Pasolini hatte die Figur des Einsprechers gegeben, der es auf den Titelseiten der landesweit größten Tageszeitungen mit dem Establishment der Christdemokraten ungestraft aufnehmen konnte. Pasolini bekleidete die Rolle des Staatsanwalts ohne Portefeuille. Er glaubte, nach Überwindung des Faschismus, nach der Reinstallation bourgeoiser Dominanz, für die Vitalität der Vorstadtkinder plädieren zu müssen. Für die Streuner und Knaben in den Mars-Wohnlandschaften, für die barfüßigen Gelegenheitsdiebe vor den Mietzinshäusern in den archaischen Landschaftsruinen des Südens.

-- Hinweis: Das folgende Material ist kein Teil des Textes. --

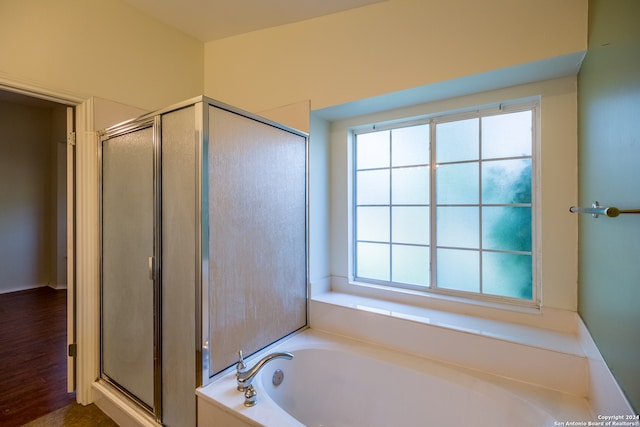 bathroom with hardwood / wood-style flooring, a wealth of natural light, and plus walk in shower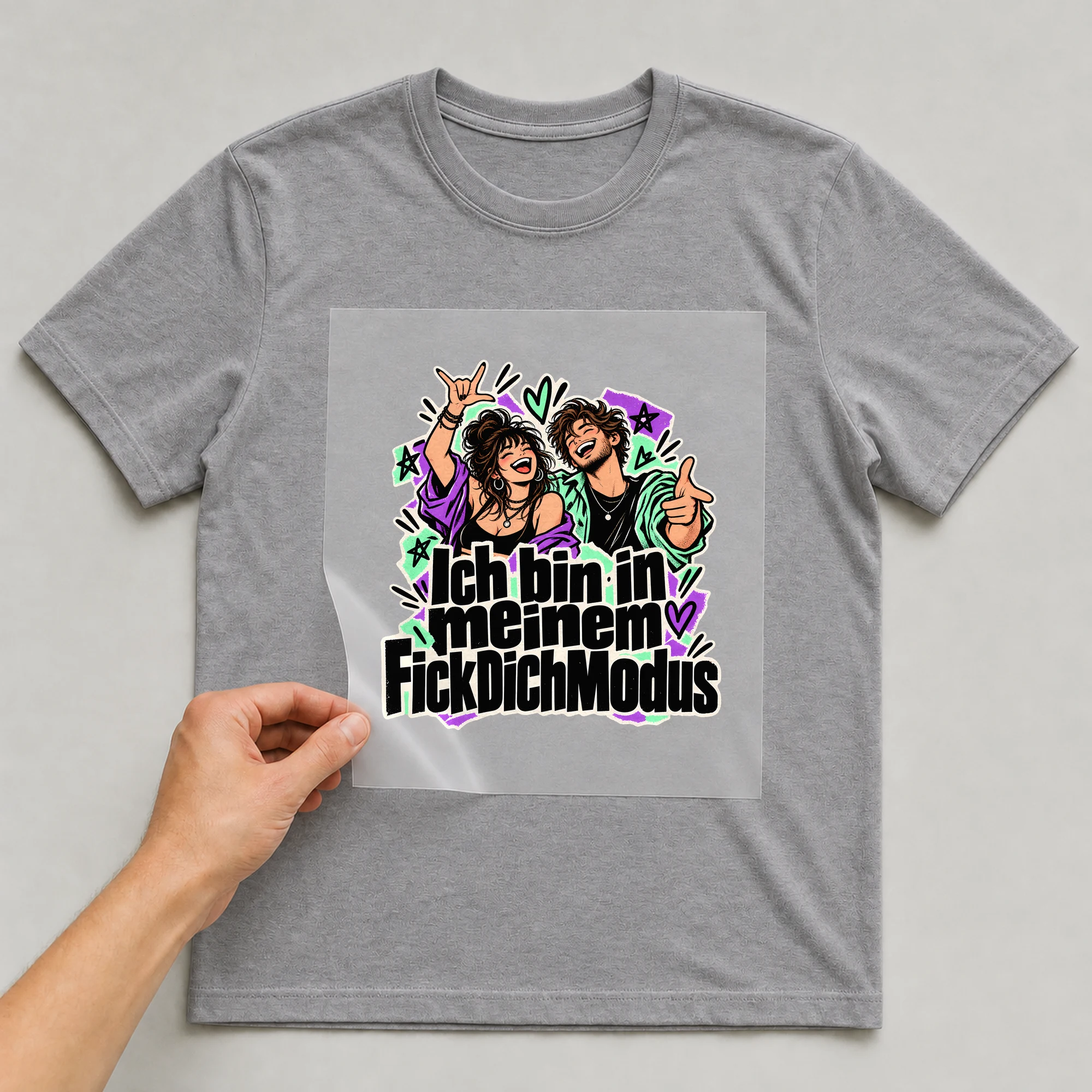 Bügelbild „Ich bin in meinem F*ckDichModus“ auf grauem T-Shirt, Folie wird aufgelegt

Denn der Dichter war auch ein Paria: Wiederholt wegen "Verführung Minderjähriger" unter Anklage gestellt, wurde er von den Kommunisten ausgeschlossen und von der rechtskonservativen Presse verfemt. Pasolini, der gewiss kein Gesellschaftsoptimist war, huldigte von nun an dem Vitalismus. Inszenierte sich selbst als Beau, der im Tweedsakko dem Fußball nachjagt und durch den Schlamm der Vorstadt trippelt, ein Bübchen glücklich an der Hand.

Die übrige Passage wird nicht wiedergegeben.